Particle-phase photochemical oxidation of polycyclic aromatic hydrocarbons on soot can produce a substantial amount of highly unsaturated and oxygenated organic aerosols. This changes soot to better serve as cloud condensation nuclei and affects its impact on climate – these are the findings of a new study by Yafang Cheng, the independent research group Minerva “Aerosols, air quality air and climate” at the Max Planck Institute for Chemistry in Mainz.
Highly oxygenated organic molecules are a key component of atmospheric secondary organic aerosols. However, the origin and the mechanism of formation of highly oxygenated organic molecules with high unsaturation (HU-HOM) remain unknown. But now an international team of researchers has found that photooxidation of large polycyclic aromatic hydrocarbons (PAHs) on soot by singlet oxygen and superoxide anion radicals may be a significant source of the unexplained HU-HOMs widely observed in the atmosphere. . The team was led by Yafang Cheng from the Max Planck Institute of Chemistry and Chuncheng Chen from the Institute of Chemistry of the Chinese Academy of Sciences. Their findings are based on molecular-level studies of photochemical aging of soot by O2. PAH-derived HU-HOMs exhibit lactone and anhydride functional groups and can significantly increase the hydrophilicity of soot.

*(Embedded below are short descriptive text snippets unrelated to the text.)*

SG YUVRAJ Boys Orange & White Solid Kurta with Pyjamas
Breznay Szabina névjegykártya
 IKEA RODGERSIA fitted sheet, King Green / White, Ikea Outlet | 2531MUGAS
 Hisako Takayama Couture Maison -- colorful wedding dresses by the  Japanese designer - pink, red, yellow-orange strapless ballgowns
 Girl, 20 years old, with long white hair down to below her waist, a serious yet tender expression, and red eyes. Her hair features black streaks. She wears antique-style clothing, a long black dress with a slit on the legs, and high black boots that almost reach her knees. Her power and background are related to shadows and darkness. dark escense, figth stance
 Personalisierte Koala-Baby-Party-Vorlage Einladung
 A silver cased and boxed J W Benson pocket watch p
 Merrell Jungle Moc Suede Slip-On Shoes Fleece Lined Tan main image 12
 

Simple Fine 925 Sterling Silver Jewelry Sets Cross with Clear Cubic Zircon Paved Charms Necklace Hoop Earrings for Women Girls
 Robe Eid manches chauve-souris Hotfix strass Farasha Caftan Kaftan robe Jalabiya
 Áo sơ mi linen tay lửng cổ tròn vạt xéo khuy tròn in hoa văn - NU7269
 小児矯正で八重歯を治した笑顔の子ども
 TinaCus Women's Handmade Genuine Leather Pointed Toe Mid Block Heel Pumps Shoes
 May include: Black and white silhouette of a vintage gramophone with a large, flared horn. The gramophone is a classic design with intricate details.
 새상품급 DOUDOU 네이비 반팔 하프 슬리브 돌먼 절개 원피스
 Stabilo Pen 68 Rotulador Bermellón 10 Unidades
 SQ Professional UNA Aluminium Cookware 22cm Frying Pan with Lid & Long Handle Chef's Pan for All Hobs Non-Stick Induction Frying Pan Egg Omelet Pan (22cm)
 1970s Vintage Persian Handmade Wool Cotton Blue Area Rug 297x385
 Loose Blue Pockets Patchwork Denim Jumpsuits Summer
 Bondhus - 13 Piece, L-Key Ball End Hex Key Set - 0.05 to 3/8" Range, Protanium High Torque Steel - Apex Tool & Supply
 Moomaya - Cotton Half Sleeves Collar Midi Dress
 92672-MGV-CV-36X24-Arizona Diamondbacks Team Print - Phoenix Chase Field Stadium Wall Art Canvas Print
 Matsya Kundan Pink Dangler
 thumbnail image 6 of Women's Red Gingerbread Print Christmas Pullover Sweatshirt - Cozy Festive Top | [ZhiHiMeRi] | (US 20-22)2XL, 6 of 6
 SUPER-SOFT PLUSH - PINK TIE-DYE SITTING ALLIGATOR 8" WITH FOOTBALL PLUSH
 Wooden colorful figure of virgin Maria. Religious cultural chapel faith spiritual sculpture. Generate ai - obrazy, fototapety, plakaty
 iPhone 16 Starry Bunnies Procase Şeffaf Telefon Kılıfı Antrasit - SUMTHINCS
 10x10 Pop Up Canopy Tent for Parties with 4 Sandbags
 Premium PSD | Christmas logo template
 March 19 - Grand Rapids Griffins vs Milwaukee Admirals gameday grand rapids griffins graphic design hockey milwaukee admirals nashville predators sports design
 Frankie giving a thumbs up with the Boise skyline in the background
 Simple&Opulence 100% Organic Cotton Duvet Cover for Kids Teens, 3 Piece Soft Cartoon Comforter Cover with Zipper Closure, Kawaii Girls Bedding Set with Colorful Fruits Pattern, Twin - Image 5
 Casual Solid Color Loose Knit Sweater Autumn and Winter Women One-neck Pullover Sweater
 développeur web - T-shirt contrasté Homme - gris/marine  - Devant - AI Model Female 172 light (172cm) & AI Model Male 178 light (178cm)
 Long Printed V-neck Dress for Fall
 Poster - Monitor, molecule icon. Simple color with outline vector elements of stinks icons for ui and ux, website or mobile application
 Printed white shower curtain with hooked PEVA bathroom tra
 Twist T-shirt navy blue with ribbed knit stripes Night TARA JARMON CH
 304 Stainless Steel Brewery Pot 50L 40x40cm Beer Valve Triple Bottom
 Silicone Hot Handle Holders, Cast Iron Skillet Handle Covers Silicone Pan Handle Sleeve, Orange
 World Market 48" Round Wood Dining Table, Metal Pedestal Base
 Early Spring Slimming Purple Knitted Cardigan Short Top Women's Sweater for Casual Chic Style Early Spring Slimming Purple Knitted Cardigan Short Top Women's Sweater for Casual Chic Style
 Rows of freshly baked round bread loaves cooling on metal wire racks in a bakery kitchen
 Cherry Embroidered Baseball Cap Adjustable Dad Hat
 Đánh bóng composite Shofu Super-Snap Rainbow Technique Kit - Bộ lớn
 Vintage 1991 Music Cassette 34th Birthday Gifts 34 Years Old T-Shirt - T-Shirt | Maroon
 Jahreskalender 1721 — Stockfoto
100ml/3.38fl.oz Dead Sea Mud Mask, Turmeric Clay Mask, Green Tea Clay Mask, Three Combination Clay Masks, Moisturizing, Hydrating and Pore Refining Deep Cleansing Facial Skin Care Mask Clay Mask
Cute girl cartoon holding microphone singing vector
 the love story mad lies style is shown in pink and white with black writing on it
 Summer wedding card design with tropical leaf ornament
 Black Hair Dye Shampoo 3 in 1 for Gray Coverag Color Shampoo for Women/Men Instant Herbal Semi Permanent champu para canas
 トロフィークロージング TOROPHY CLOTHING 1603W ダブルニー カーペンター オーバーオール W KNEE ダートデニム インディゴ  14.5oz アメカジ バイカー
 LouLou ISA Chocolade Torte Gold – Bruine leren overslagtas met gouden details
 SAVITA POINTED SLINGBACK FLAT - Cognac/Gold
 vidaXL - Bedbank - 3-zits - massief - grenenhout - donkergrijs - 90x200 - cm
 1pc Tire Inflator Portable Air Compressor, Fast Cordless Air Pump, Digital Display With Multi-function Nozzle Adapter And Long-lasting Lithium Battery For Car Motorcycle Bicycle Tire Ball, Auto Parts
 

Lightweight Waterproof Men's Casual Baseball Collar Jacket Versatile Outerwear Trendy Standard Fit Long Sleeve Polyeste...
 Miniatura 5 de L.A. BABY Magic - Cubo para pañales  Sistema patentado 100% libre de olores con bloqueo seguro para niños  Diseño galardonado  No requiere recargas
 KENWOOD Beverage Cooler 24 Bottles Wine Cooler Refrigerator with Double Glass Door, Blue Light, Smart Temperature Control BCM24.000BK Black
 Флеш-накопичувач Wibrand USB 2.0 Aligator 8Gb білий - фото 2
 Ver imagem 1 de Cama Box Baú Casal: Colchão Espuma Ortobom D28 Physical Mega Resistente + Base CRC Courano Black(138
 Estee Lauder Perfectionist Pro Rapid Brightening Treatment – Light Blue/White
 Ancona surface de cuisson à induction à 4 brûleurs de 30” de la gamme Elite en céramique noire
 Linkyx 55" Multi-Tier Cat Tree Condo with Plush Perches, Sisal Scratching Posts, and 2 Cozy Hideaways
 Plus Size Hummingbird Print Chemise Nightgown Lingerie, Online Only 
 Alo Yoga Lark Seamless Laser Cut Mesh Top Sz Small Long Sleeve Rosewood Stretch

The increase in soot hydrophilicity after photochemical weathering should further influence the fate and effects of soot aerosols in the atmosphere: for example, becoming better cloud condensation nuclei, being more readily involved in chemistry and aging in the aqueous phase, altering its wet deposition process. etc
Decipher molecular formulas
Researchers characterized the change in molecular composition during soot photoaging by applying laser desorption ionization coupled with Fourier transform ion cyclotron resonance mass spectrometry (LDI FT-ICR MS), a technique for ultra-high resolution mass spectrometry allowing a reliable assignment of molecular formulas. In situ attenuated total internal reflection (ATR-IR) was used to study the evolution of functional groups during soot oxidation. They find that highly oxygenated, high unsaturation organic molecules (HU-HOM) are formed by a multigenerational photochemical oxidation pathway, where ketones, aldehydes and acids are produced by the photooxidation of large polycyclic aromatic hydrocarbons on soot at the initial stage, followed by the formation and accumulation of lactones and anhydrides during further oxidation.
“In this heterogeneous photochemical oxidation, O2 The molecules are the initial oxidant, which is then photosensitized to form reactive oxygen species such as singlet oxygen and superoxide anion radicals,” said Meng Li, postdoctoral fellow in Yafang Cheng’s group and first author of the study.2 in the troposphere, this oxidation pathway is expected to be a very important aging process for PAHs and soot particles, especially in clean and remote regions,” Meng Li added.
“This novel HU-HOM formation pathway could be a characteristic evolutionary pathway of primary organic aerosols from various combustions, due to the widespread existence of PAHs there, thus contributing to a more complete understanding of the chemical evolution of organic aerosols,” Yafang Cheng said. who leads the independent research group Minerva at MPIC.